It is commonly understood that appellate courts exist to serve two functions – “(1) correction of error (or declaration that no correction is required) in the particular litigation; and (2) declaration of legal principle, by creation, clarification, extension, or overruling.” See J. Dickinson Phillips, Jr., The Appellate Review Funtion: Scope of Review, 47 Law & Contemp. Prob. 1 (Spring 1984). CAAF was created to be the military jurisdiction’s court of last resort—it’s the military’s Supreme Court. See Noyd v. Bond, 395 U.S. 683, 694 (1969) (oyez) (related CAAFlog post).
In a recent article published by the Vermont Law School, In Order to Form a More Perfect Court: A Quantitative Measure of the Military’s Highest Court’s Success as a Court of Last Resort, 41 Vt. L. Rev. 71, Captain (USAF) Rodrigo M. Caruço posits that, in a healthy system, the work of a court of last resort, such as CAAF, should be almost exclusively declaration of legal principle rather than error correction. Captain Caruço reached that conclusion after having studied SCOTUS decisons and decisions from State courts of last resort. Those high courts rarely engage in error correction. In contrast, CAAF appears to spend just under half of its time correcting errors in individual cases rather declaring law for the military jurisdiction. Id. at 108. Captain Caruço identifies two causes for this: 1) incompetence by advocates and courts below, and 2) (perhaps because of that incompetence) CAAF does not yet feel comfortable behaving as a court of last resort should.
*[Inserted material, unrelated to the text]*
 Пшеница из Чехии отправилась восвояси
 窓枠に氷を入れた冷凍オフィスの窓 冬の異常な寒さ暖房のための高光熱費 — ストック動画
To remedy this situation, Captain Caruço recommends that CAAF’s rules be amended to adopt a standard for granting review that mirrors SCOTUS’ Rule 10. Such a rule would expressly state, as SCOTUS Rule 10 does, that review “is rarely granted when the asserted error consists of erroneous factual findings or misapplication of a properly stated rule of law.” Id. The rule would then provide that, except in dire circumstances, review would only be granted to serve law-declaration grounds, such as to resolve inconsistencies in how the law is being applied among the services. Captain Caruço also recommends that CAAF start “signposting” its decisions – identifying in the decision itself which law-declaration purpose compelled CAAF to grant review in the first place. By signposting, perhaps CAAF could serve as a bellwether for the entire jurisdiction – providing gentle instruction to the appellate bar which would in turn improve that bar’s advocacy. A more effective appellate bar would then presumably influence the service Courts of Criminal Appeals to weed out more errors at their level, reducing the number of cases presented to CAAF still requiring error correction.
Captain Caruço’s article does not address it, but readers will be aware that the competency of the participants in the military justice system, at all levels, has also been a concern for Congress. Indeed, through § 542 of the National Defense Authorization Act of Fiscal Year 2017 (Public Law 114-328) (the passage of which was this blog’s #1 Military Justice Story of 2016), Congress has required the service secretaries to establish “military justice experience designators or skill identifiers” so that “counsel detailed to prosecute or defend a court-martial have sufficient experience and knowledge.” That statute is also intended to ensure that judge advocates entering the military justice system get trained by folks with appropriate experience and skill to perform those duties. Additionally, the FY17 NDAA requires “appropriate minimum terms” for the assignment of military trial judges (§ 5184) and appellate judges (§ 5330). Those statutory measures were intended to improve the quality of military justice practice on the bench and from the bar, at trial and on appeal. It is hard to escape the impression that Congress also intended by those measures to make military justice a specialty practice.
If Captain Caruço’s premise is correct, then CAAF is a sentinel species for measuring the effectiveness of Congressional reforms (or the military institution’s implementation of those reforms). If the proportion of error correction decisions issued by CAAF increases, then CAAF-as-groundhog might be telling us that winter is still coming. In contrast, if the Court’s proportion of error correction decisions decreases, then CAAF-as-groundhog might be telling us that spring is nearly here.